= Nano-abacus =

A nano-abacus is a nano-sized abacus that performs basic arithmetic computations using various forms of nanotechnology including photonics and lateral mechanical stimulation of molecular motion with a scanning tunneling microscope (STM) tip by repulsion. The nano-abacus has the potential to be used in a variety of nanotechnological inventions such as the nano-computer.

==History==
===IBM Nano-abacus===
The first nano-abacus was developed on November 13, 1997 by physicist James Gimzewski at an IBM research laboratory in Zürich, Switzerland. Gimzewski's initial idea for the device was inspired by the Japanese soroban. The creation of the nano-abacus was sponsored by the Swiss Federal Office of Education and Science within the European Strategic Program for Research in Information Technology (ESPRIT) of the European Union as part of IBM's "PRONANO" (processing on the nanometer scale) project.

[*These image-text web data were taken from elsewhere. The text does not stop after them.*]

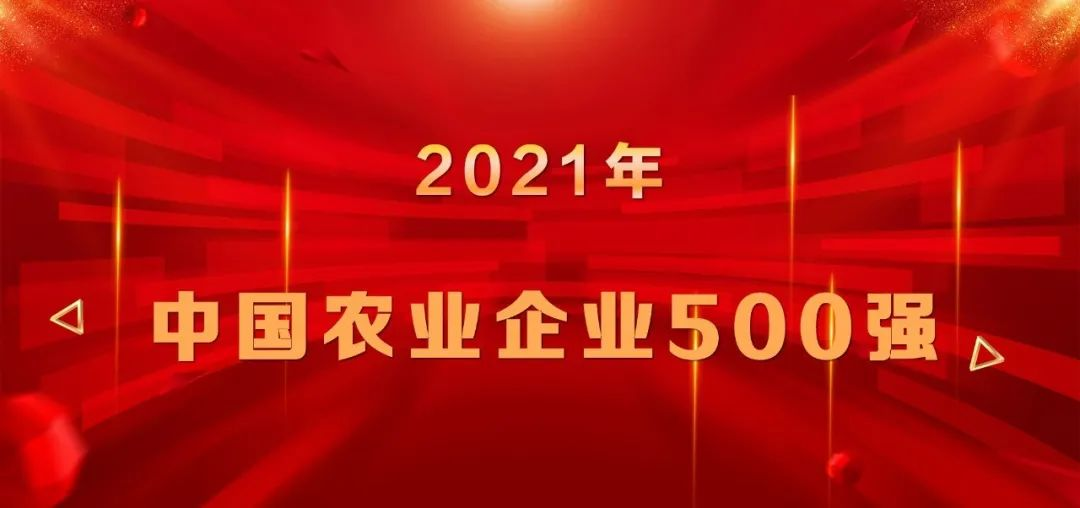 上榜|山东s36沙龙会集团再登中国农业企业500强榜单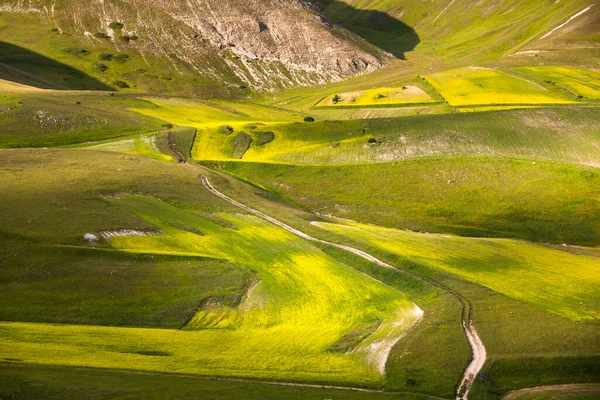 Vackert Landskap Med Ett Grönt Fält — Stockfoto
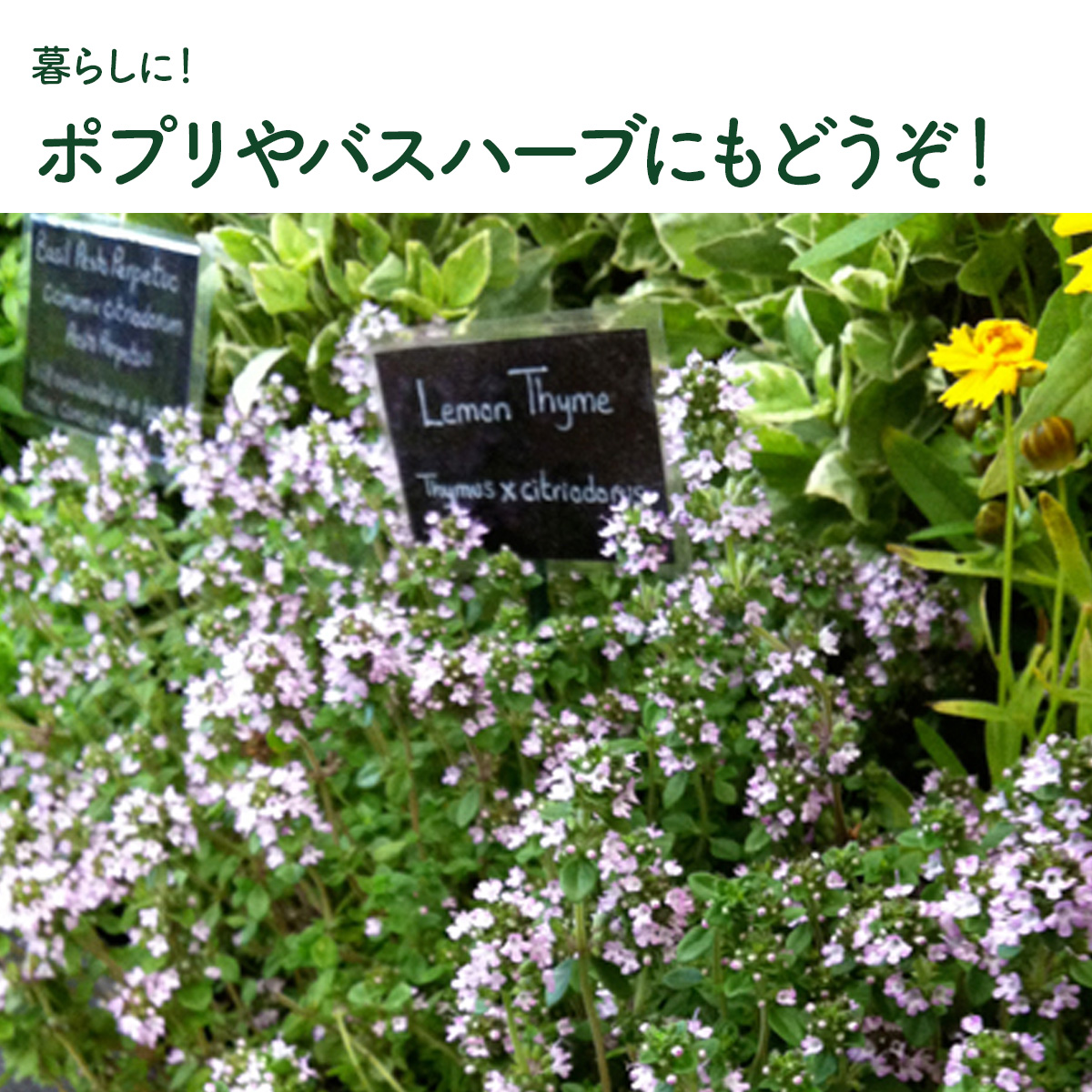 ハーブ 苗 セット レモンタイム15個（種類 栽培 ハーブティー ハーブ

Gimzewski's nano-abacus consists of stable rows containing ten molecules acting as railings. The beads are made up of buckminsterfullerene constrained by one-atom-high ridges on a copper sheet and are pushed around by the tip of a scanning tunneling microscope at room temperature to create a calculation and allow it be viewed when operated in imaging mode.

Gimzewski, along with physicists Maria Teresa Cuberes and Reto R. Schlittler, found that their device was capable of controllably repositioning C60 molecules with a scanning tunneling microscope tip along Cu(111) mono-atomic steps at room temperature.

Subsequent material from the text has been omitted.